Separation between the slits,

\[d = 2 mm = 2 \times {10}^{- 3} m\]

Wavelength of the light,

\[\lambda = 600 nm = 6 \times {10}^{-7} m\]

Distance of the screen from the slits, D = 2.0 m

\[I_\max = 0 . 20 W/ m^2 \]

For the point at a position \[y = 0 . 5 cm = 0 . 5 \times {10}^{- 2} m, \]

path difference, \[∆ x = \frac{yd}{D}.\]

\[ \Rightarrow ∆ x = \frac{0 . 5 \times {10}^{- 2} \times 2 \times {10}^{- 3}}{2}\]
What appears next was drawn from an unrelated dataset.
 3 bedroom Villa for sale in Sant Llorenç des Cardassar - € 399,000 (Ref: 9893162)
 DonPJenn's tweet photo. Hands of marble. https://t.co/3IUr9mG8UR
\[ = 5 \times {10}^{- 6} m\]

So, the corresponding phase difference is given by

\[∆ \phi = \frac{2\pi ∆ x}{\lambda} = \frac{2\pi \times 5 \times {10}^{- 6}}{6 \times {10}^{- 7}}\]
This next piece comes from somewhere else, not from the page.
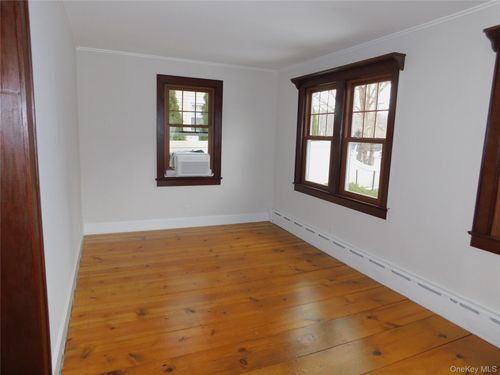 84 Cedar Rd, Wading River, NY, 11792-1312 | Card Image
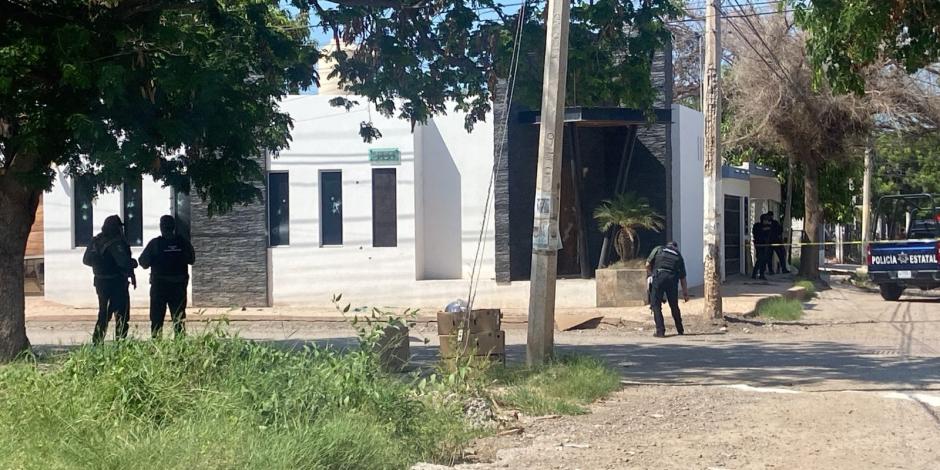 En las paredes de esta casa, ubicada en la colonia Laureles Pinos, de Culiacán, quedaron las huellas del ataque sufrido ayer.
\[ = \frac{50\pi}{3} = 16\pi + \frac{2\pi}{3}\]

or \[∆ \phi = \frac{2\pi}{3}\]

So, the amplitude of the resulting wave at point y = 0.5 cm is given by

\[A = \sqrt{a^2 + a^2 + 2 a^2 \cos \left( \frac{2\pi}{3} \right)}\]

\[ = \sqrt{a^2 + a^2 - a^2} = a \]

Similarly, the amplitude of the resulting wave at the centre is 2a.

Let the intensity of the resulting wave at point y = 0.5 cm be I.

Since \[\frac{I}{I_\max} = \frac{A^2}{\left( 2a \right)^2},\] we have

\[\frac{I}{0 . 2} = \frac{A^2}{4 a^2} = \frac{a^2}{4 a^2}\]

\[ \Rightarrow I = \frac{0 . 2}{4} = 0 . 05 W/ m^2\]

Thus, the intensity at a point 0.5 cm away from the centre along the width of the fringes is 0.05 W/m^{2}.